0

Creepypasta: Zumbido

20.6.15

안녕하세요! No outro post eu falei que tava em busca de creepy e que voltaria pra postar uma nova. E tá aí... Uma creepy novinha procês!!!

Creepypasta "Zumbido"


 “Ouviu isso?” – Meu irmão, Andrew, perguntou.

“Muito engraçado” – Eu respondi.

Andrew olhou como se algo longe estivesse fazendo ruído. Distraindo-o. Ele descreveu como o barulho de uma sirene policial, repetindo de novo e de novo, mal ouvi sobre o canto noturno dos grilos e o baixo ruído das rodovias próximas.

“O que… Foi isso?”

“Eu não sei, mas está tarde. Vamos dormir.”

Eu acordei e vi meu irmão na janela do nosso quarto, com a cabeça inclinada para o lado, como se estivesse ouvindo algo atentamente. Ele parecia confuso e quase… triste. Nós descemos as escadas para nos juntarmos aos nossos pais no café da manhã.
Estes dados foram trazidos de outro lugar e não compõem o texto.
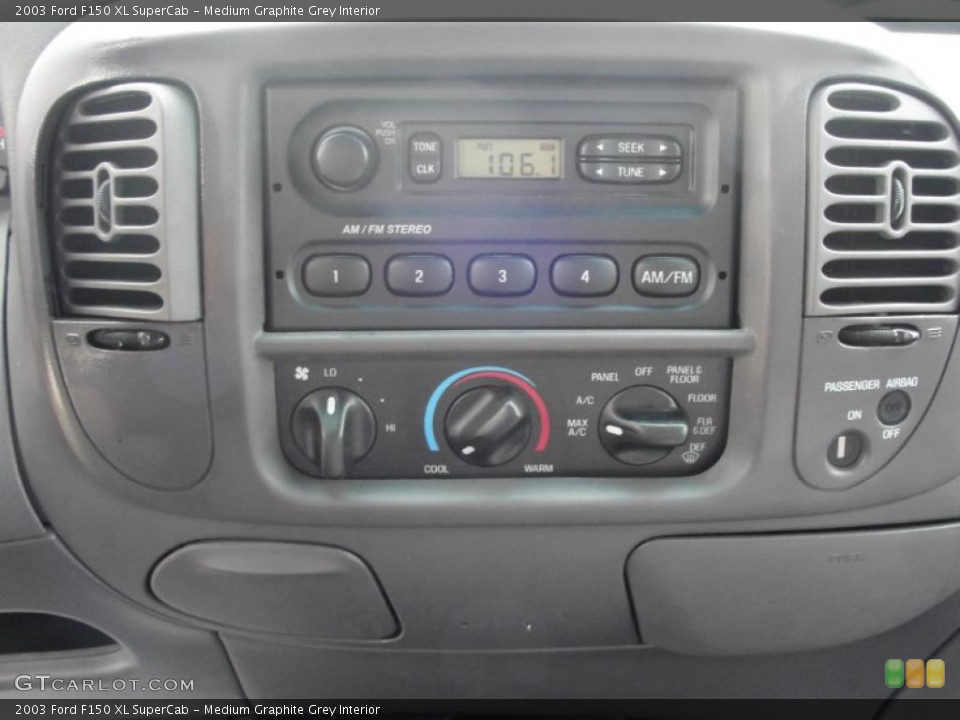 Medium Graphite Grey Interior Controls for the 2003 Ford F150 XL SuperCab #47159259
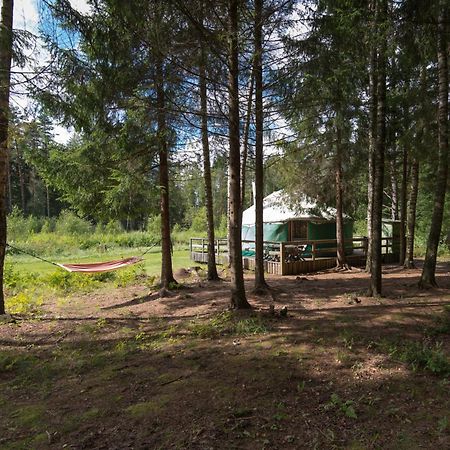 Yurtos Guest House Gaugariai Luaran gambar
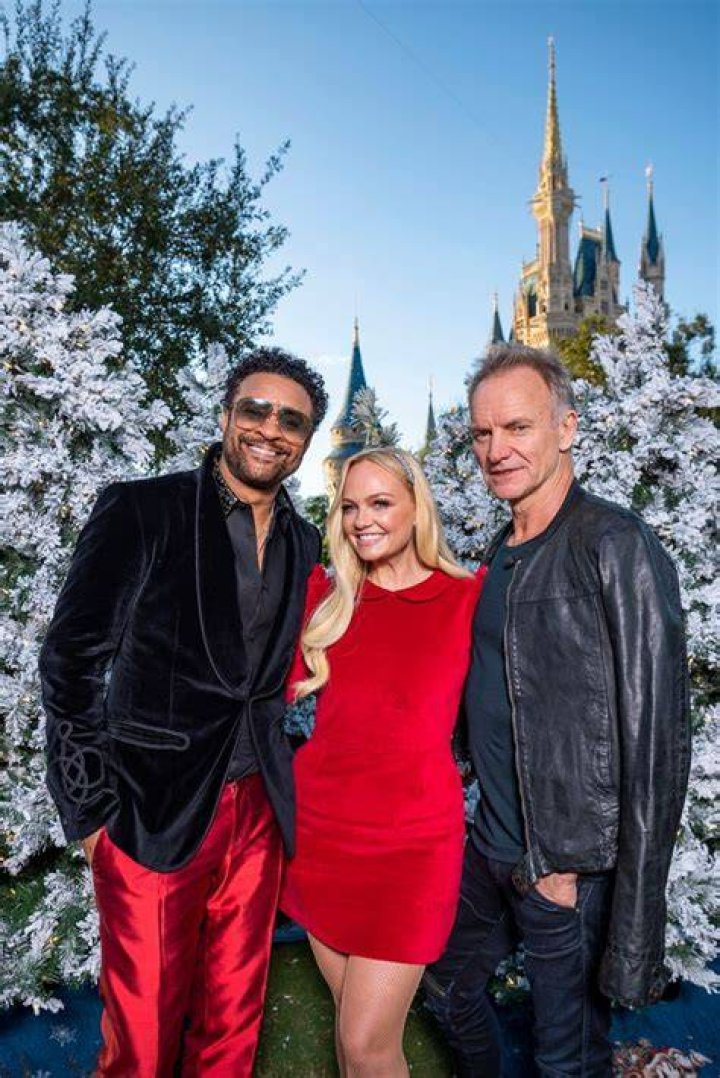 Shaggy, Emma Bunton, Sting celebrate Christmas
Meu pai moveu seus lábios. “Vocês dormiram bem essa noite?”

Meu irmão e minha mãe responderam juntos com um “não”.

“Eu também, continuei ouvindo os policiais lá fora. Deve ter sido uma noite agitada”, meu pai disse.
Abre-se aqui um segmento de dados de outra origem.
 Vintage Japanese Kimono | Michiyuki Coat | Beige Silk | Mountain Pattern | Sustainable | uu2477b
“Fala sério”, meu irmão exclamou, “Eu tive o mesmo problema!”

“Eu também”, minha mãe adicionou.

Eu percebi que minha família parecia um pouco aflita.

O dia correu normal, mas parecia um pouco… lento, e sombrio. Sempre que eu estava na companhia de algum parente, ele parecia distraído, desinteressado em qualquer tarefa em que estivesse envolvido. Aquela noite nos sentamos juntos, assistindo televisão. Havia uma reportagem sobre muitas pessoas reclamarem de uma sirene policial irritante.

“A polícia de Los Angeles afirma que não é responsável pelo barulho, dizendo que foi avisada do problema e está investigando com esforço. Fomos incitados a não nos preocuparmos, já que não parece que há envolvimento com o crescimento do crime”, o  repórter explicou.

“Acho que vocês não foram os únicos”, eu disse.

Ninguém respondeu.

“Está se aproximando, Junior.” Andrew me disse, mais tarde, enquanto eu jogava videogame. “Isso é tão irritante. É tipo… Bem na sua cara. Eu odeio isso.”

“O que? Esse barulho? Está tudo na sua cabeça. Você só está cansado. Vamos descansar”, eu respondi.

“Tá… tá, tudo bem. Boa noite”. Ele estava olhando para o teto, de olhos arregalados, enquanto eu mergulhava no sono.

Na manhã seguinte eu não vi Andrew na janela quando acordei. Em vez disso, eu o vi sentado em sua cama, com suas mãos sobre seus ouvidos, chorando.

“Hey, cara, o que há de errado? Você está bem? Por quê está chorando?”

Entre soluços e lágrimas ele me pediu para ver nossos pais. Mesmo confuso eu o obedeci e desci as escadas. O que eu vi me destruiu. Eu quase desmaiei.

Meu pai estava no chão em uma pequena poça de sangue, ao redor de sua cabeça. Faz sentido, considerando que ele havia furado seus ouvidos com pequenas facas. Minha mãe havia usado fita adesiva em volta de sua cabeça. Parece que ela usou o rolo inteiro, sufocando-se com eficácia. Juro que a vi se contrair, o que me fez correr de volta para cima, para meu quarto.

“Por que? Por que eles fizeram isso? Machucaram a si mesmos. Por que?!”, eu perguntei freneticamente.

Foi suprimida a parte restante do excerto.